We were off well before sunrise in a downpour that showed no signs of letting up. Rather than stopping at a sunrise mainstay, I continued north, hoping for a break in the rain. As the rain began to lighten up around Elk Ranch south of Moran, we noticed some horses from the Moosehead Ranch had gotten free and were trotting along the highway. Though interesting, there wasn’t much of a great shot, so we continued up the highway a bit as the sun was just beginning to peak through a small hole in the clouds to the east. We soon found ourselves in a small bubble of no precipitation surrounded by rain, prompting me to tell my two guests to keep an eye out for a rainbow. It was only a matter of seconds before the arc of a rainbow appeared majestically to the west. This would have been plenty for us, but the tone for the day was set when one horse, still on the property of Moosehead Ranch was calling out to its freed companions, who began to walk past our car. Hearing the cries of their friend, they crossed the highway, and went to greet their trapped comrade, confused how he was left behind. As they approached the fence, they went directly under the rainbow, creating a dramatic scene of homecoming, glowing with golden light.

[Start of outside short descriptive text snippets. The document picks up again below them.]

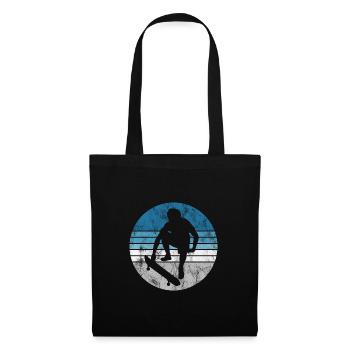 Skateboarder Skateboard Skater Skate Skateing - Stoffbeutel - Schwarz - Vorne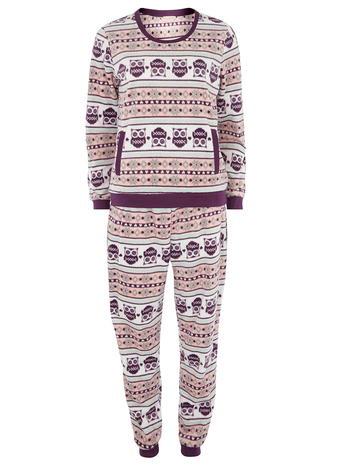 Dorothy Perkins Purple Fleece Twosie Set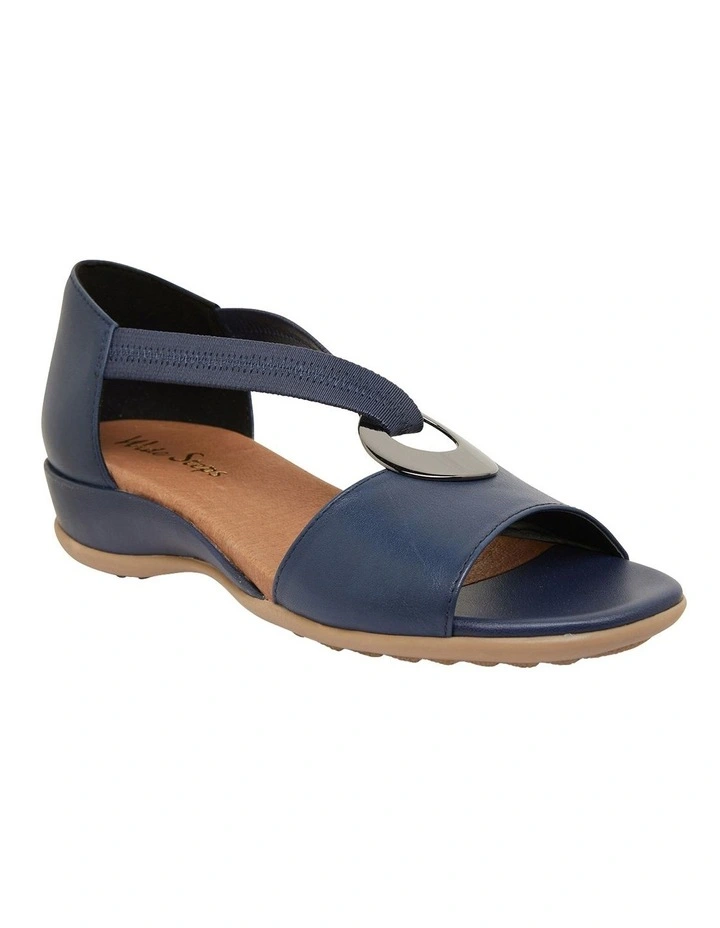 Caroline Navy Glove Sandals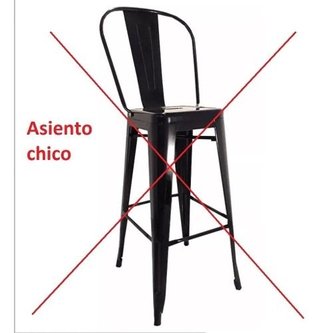 Banqueta Taburete Tolix Respaldo Metalica - Alto Impacto- - comprar online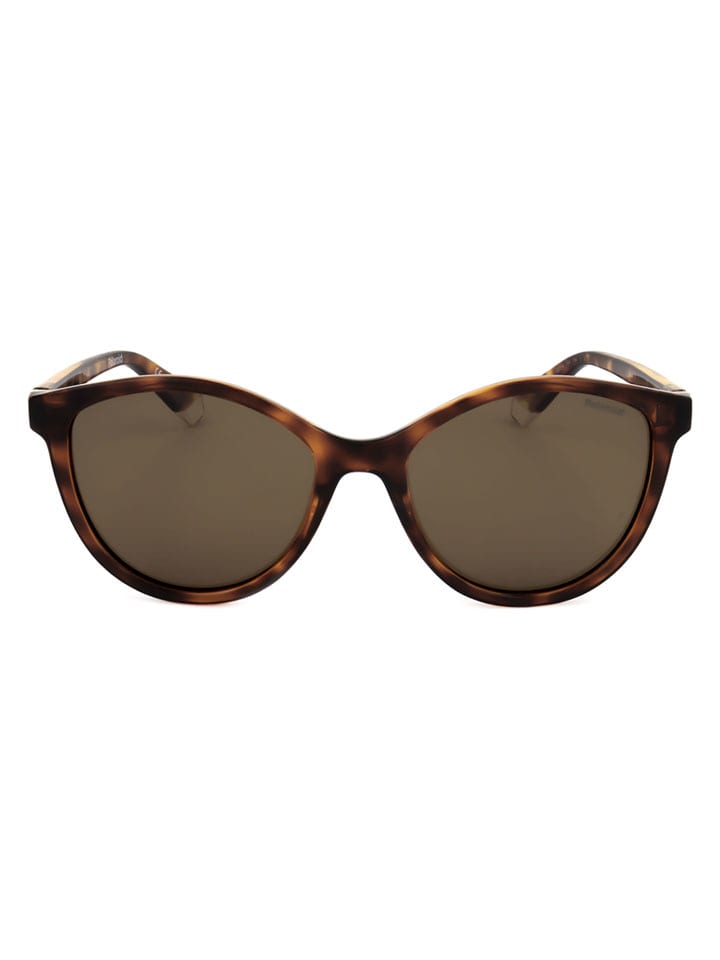 Damen-Sonnenbrille in Hellbraun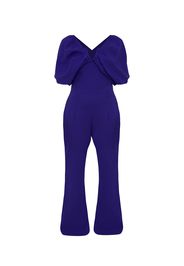 Chi Chi London Tuta jumpsuit 'Fledermausärmel'  blu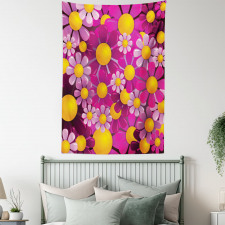 Flourish Flowers Cartoon Tapestry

That would have been enough for us that day, but in just getting started, we continued past the views of Oxbow Bend, where the magic had already faded, and into Cattleman’s Bridge Road to shoot some fall aspen trees. We had the area all to ourselves as the reds, oranges, yellows, and greens created a new composition with each step in any direction. Perfectly happy with the situation, the scene got dramatically better as an elk bugle came from only a hundred yards away. I looked over and saw a cow elk’s head peering over the shoulder-high grass directly at me. I was too slow to capture her, but not the bull that was in focused pursuit. They ran across the open field toward the aspens, where he followed her movements left and right, and ultimately into the aspens, leaving us – and us alone – with the gift of their presence.
As we rounded by Signal Mountain, a couple of mule deer bucks had attracted a few cars as they intermittently put on a sparring show in between food breaks. Despite a bit of rain, we stopped to watch them for a bit as the occasional bout entertained the few humans that had braved the soggy weather.

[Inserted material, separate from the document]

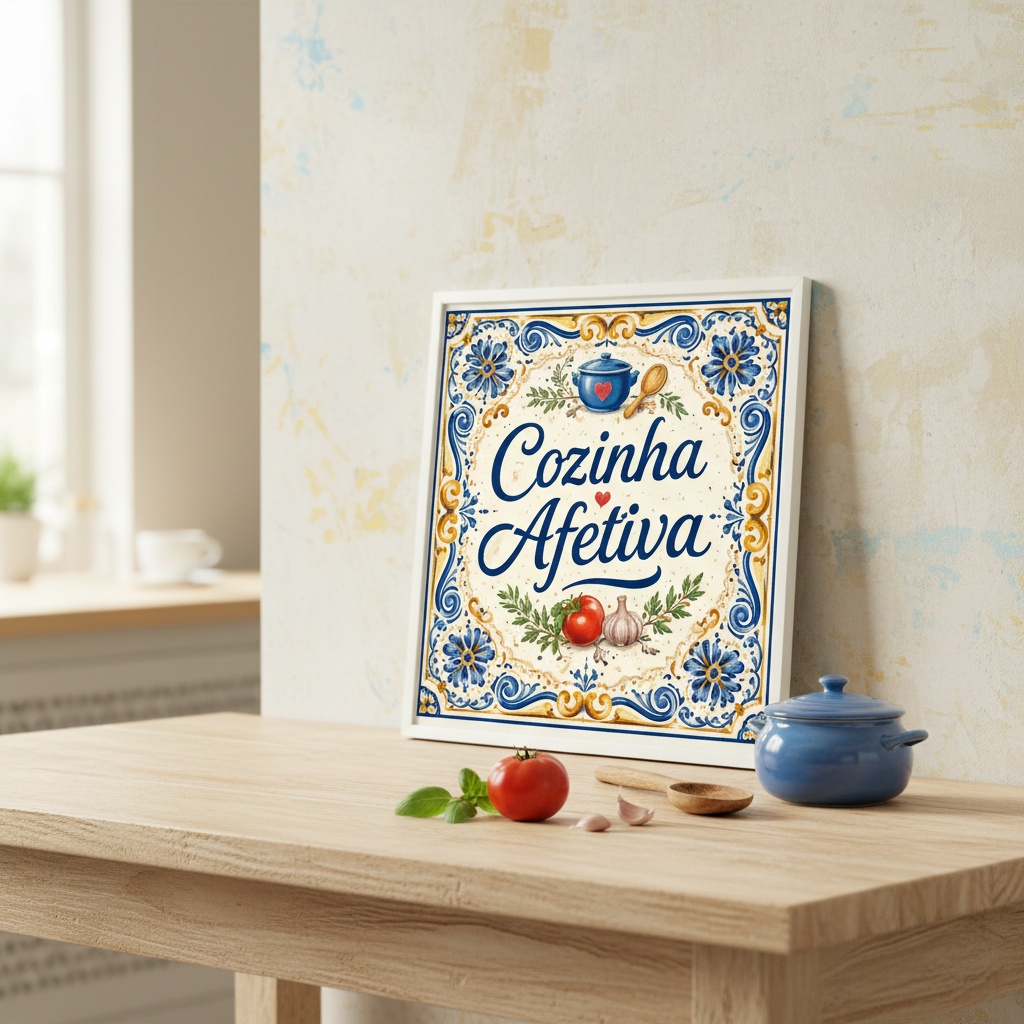 Quadro Decorativo Cozinha Afetiva - 33x33 Cm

Our day finally ended along the Moose-Wilson Road, which, having been closed due to grizzly bear activity, literally opened up right in front of us, allowing us to be the first public car to travel southbound in weeks. The fall colors along the road were exploding and offered all kinds of opportunities and unique compositions as the diverse colors of the aspens mixed with the muted transitions of the service berry bushes. With the rain having subsided, the droplets left on each leaf also created wonderful macro potential.